Detection primers were designed to confirm the presence of GKSV in the original grapevine sources (samples 127, 132 and 70) via one step RT-PCR. The oligonucleotides GKSV-F (5’- ATGAGATTCACAGGGGAATTCTGT -3’) and GKSV-R (5’- CAAGTCCCTGATAACCCTCTGT -3’), which flank a conserved region of the virus Rep and MP genes and amplify a 1,240-bp amplicon, were used for the molecular test. The RT-PCR reaction was performed using SuperScript II Reverse Transcriptase (Life Technologies) and GoTaq (Promega), and the program consisted of 30 min at 52°C, 35 cycles of 30 s at 94°C, 45 s at 55°C, 1 min at 72°C, and a final elongation step of 5 min at 72°C. All three isolates tested positive for GKSV with this assay, and the PCR products were sequenced directly and determined to be GKSV-specific.

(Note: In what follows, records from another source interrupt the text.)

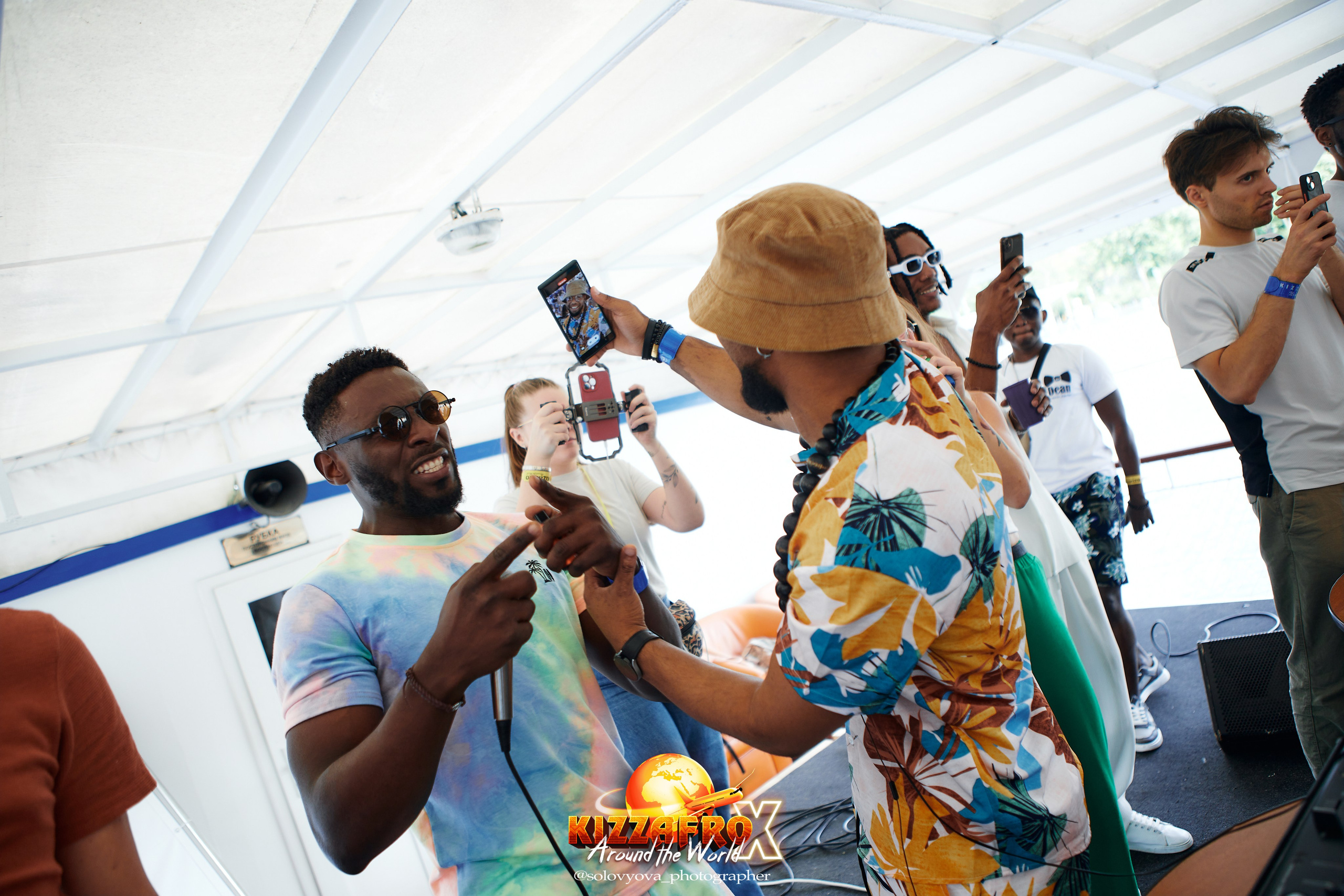 Boat party. Свадебный фотограф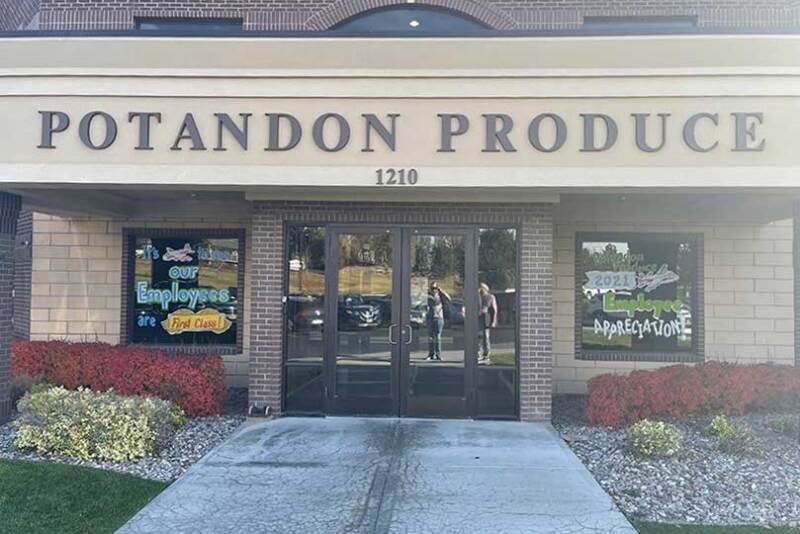 Potandon Produce Headquarters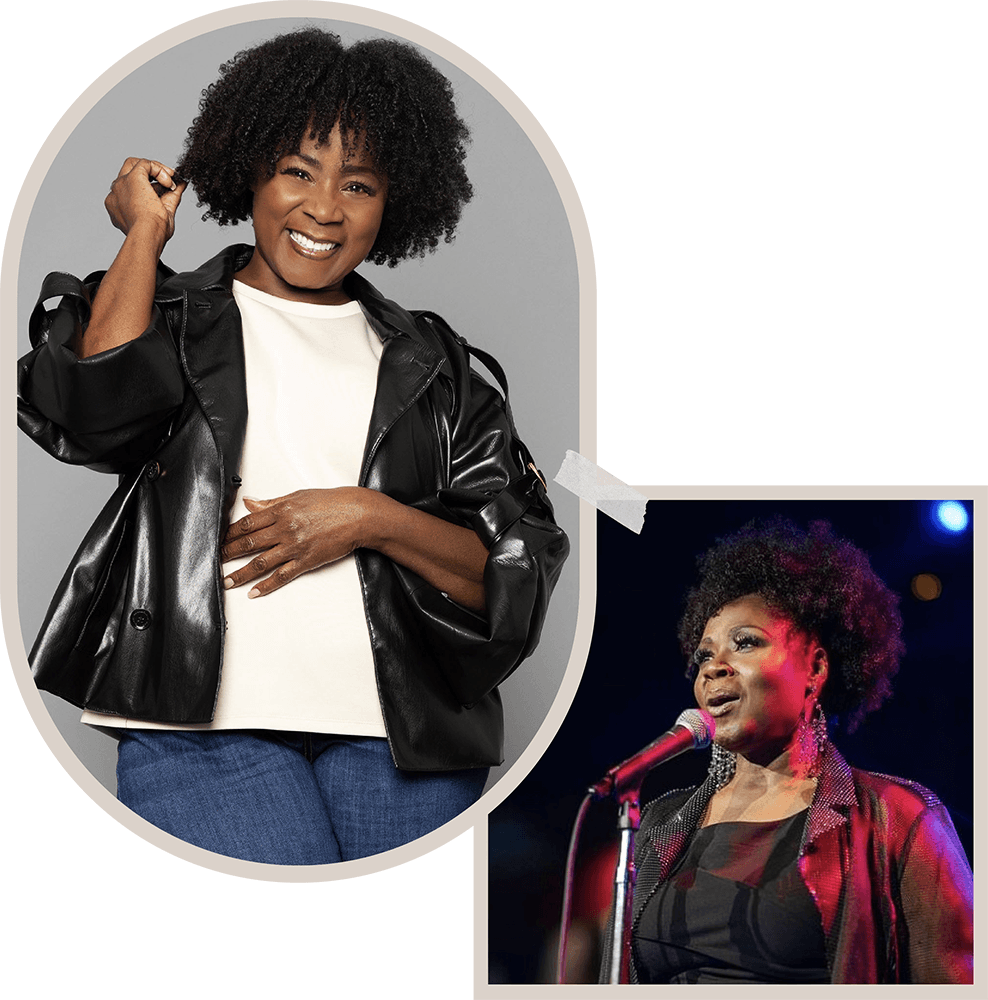 public speaker black woman
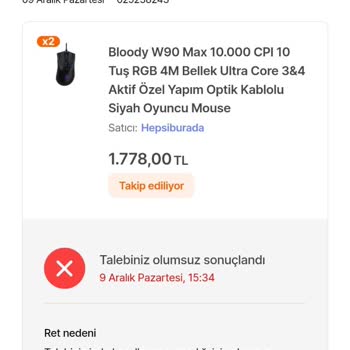 Eksik Ürün İadesi: 7 Aylık Bekleyiş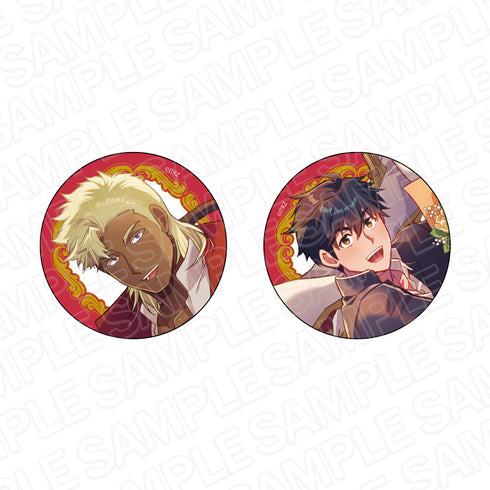 『グランツ6周年記念展』缶バッジセット 人族の花嫁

The complete genome sequence of the GKSV type isolate (GKSV-127) and its Rep and CP aa sequences were analyzed phylogenetically along with the corresponding sequences of representative members of each of the nine genera within the subfamily Trivirinae. Corresponding sequences of the mycoflexivirus botrytis virus F (GenBank no.: AF238884) were included in these analyses as an outgroup. The results showed a consistent clustering of GKSV within the same clade as FLV-1 and separately from the clade formed by members of other genera within the subfamily Trivirinae, regardless of the sequence dataset employed (Fig. 2). This new clade within the subfamily Trivirinae is positioned close to the Trichovirus clade on the genome and gene-specific trees (Fig. 2).

Fig. 2
figure 2

Neighbor-joining phylogenetic trees (1,000 bootstrap replications) depicting the evolutionary relationship of grapevine Kizil Sapak virus (GKSV) to viruses belonging to the nine established genera within the subfamily Trivirinae of the family Betaflexiviridae. The trees were derived based on analyses of (A) complete genome nucleotide sequences, (B) replicase gene amino acid sequences, and (C) coat protein gene amino acid sequences of the viruses. The type sequence of GKSV is indicated in bold font with a colored background

Species belonging to the same genus within the family are expected to share ≥72% nt (or ≥80% aa) sequence identity in their Rep or CP, while the cutoff for distinct genera within the family is set at <45% nt sequence identity in both genes [1]. Based on these criteria and the results of the sequence and phylogenetic analyses, we propose that GKSV and FLV-1 represent a new genus within the subfamily Trivirinae. Since FLV-1 is yet to be fully sequenced, the virus isolate GKSV-127 would be suited as the type species within a new genus tentatively named “Fivivirus “(derived from Ficus-Vitis-virus). Further work is being initiated to identify the mechanisms of GKSV transmission and assess its host range. Field surveys, employing the molecular assays that were developed, are also underway to determine the incidence of GKSV in other selections introduced to the FPS and the USDA National Clonal Germplasm Repository in Winters, CA, its incidence and prevalence in commercial vineyards in California, and the extent of its genetic diversity.